There’s a big difference between what 18 year olds expect from college and what they get. They look forward to the freedom and luxury of being away from home for the first time. Instead, they find that…
- The dorms are crowded, noisy, and smell a like a gym locker room.
- Homework and studies take most of their time and living in a dorm is distracting.
- Every little comfort has to be paid for. Little things that helped them deal with stress are suddenly expensive or inaccessible. Little pleasures like a soda, snack food, fresh laundry, and a movie require cash and transportation.
Here are some thoughts and tips to make their lives and budgets easier.
Make a checklist of the items your child will need. The college and retail stores will help.
- The college itself will have a checklist. Read it over carefully. It should tell you what size sheets are needed, and make recommendations based on the amount and type of storage in the dorm room and whether your child will have a private bath.
- There are independent websites online that have good lists as well. But, each college living situation is different so check it against the list the college provides.
- Stores such as Bed, Bath and Beyond and Target have online lists with sale prices.
Buy the supplies at stores near the college.
You won’t have to lug the items yourself (no need to rent a truck). If you buy at the store, you can avoid shipping costs (more money saved).
Prepare your child for medical emergencies.
All it takes is the flu, a slip on an icy sidewalk, or a broken filling, and suddenly your child will have to see a medical professional in an unfamiliar town.
A little research now can save you money later. Your child should know where the nearest doctors, dentists, and hospitals are so that they know where to go if they need the services. Knowing which doctors are in network for your insurance will save you money in the long run.
Set up an account at a local bank.
Which bank has ATMs on campus? If your bank doesn’t have an ATM location convenient to campus, consider opening a bank account with one that does. Even if that bank is not convenient for you at home, you can always transfer money electronically between banks.

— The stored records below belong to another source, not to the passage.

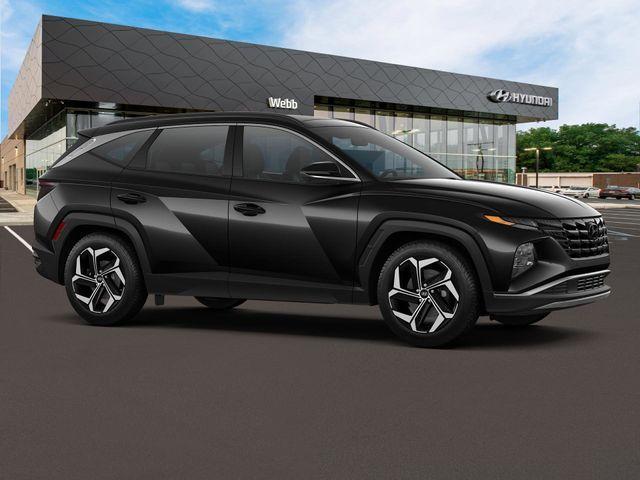 new 2024 Hyundai Tucson Hybrid car, priced at $40,048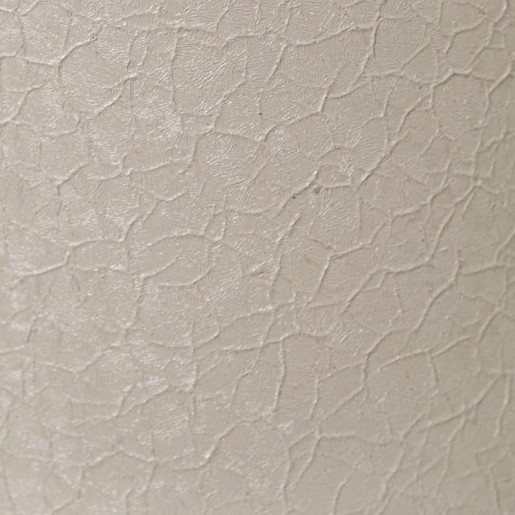 Lampara sobremesa beige mate rugoso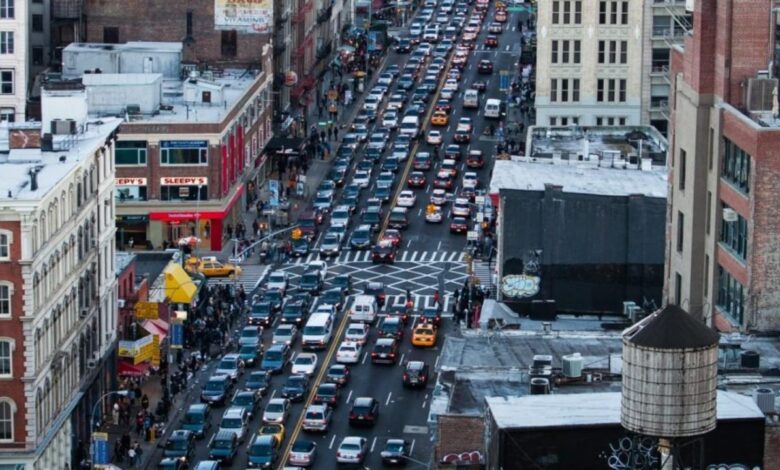 Trumps georgia case paused new yorks congestion pricing parked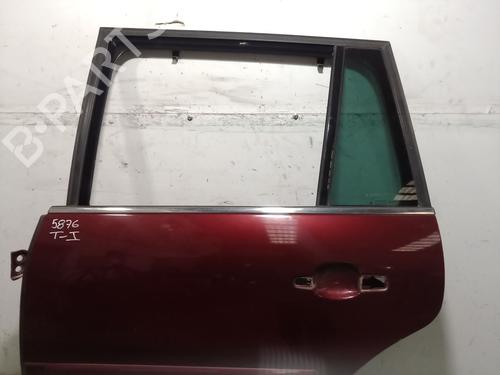 Left rear door CITROËN C4 Picasso I MPV (UD_) 2.0 HDi 165 | BP27473474C4 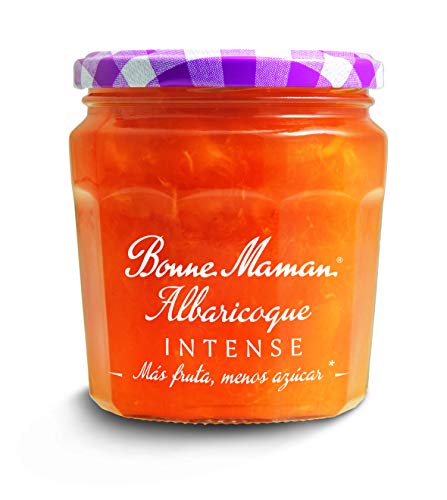 Bonne Maman Intense Confitura Albaricoque, 335g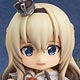 ねんどろいど 艦隊これくしょん -艦これ- Warspite(ウォースパイト)
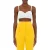 Moschino Crepe Bra White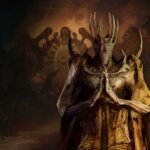 Necrophosis: Full Consciousness mergulha o jogador em um pesadelo cósmico grotesco e inesquecível | Review (PS5) Necrophosis: Full Consciousness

Life coaching for college freshman
You can be your child’s life coach by making sure your child knows what to really expect from college. In movies and on TV, dorm rooms are spacious and nice looking. The people you meet are exciting, and there’s plenty of time for socializing. All the studying is done in a 5 minute montage with a catchy song track.
In reality, a shared dorm room is about the size of a walk-in closet, most of the people living there are stressed and annoyed, and studying non-stop. The small amount of socializing offers a nice but needed break at the end of a long day or week.
Colleges do offer counseling. Make sure your child knows that. If you think your child is especially unrealistic about school, or is either shy, or too social for his or her own good, you might consider life coaching. If it makes the difference between dropping out and graduating, it could be worth the cost.
Sending your child to college is expensive. Preparing your child realistically will benefit your budget and your investment.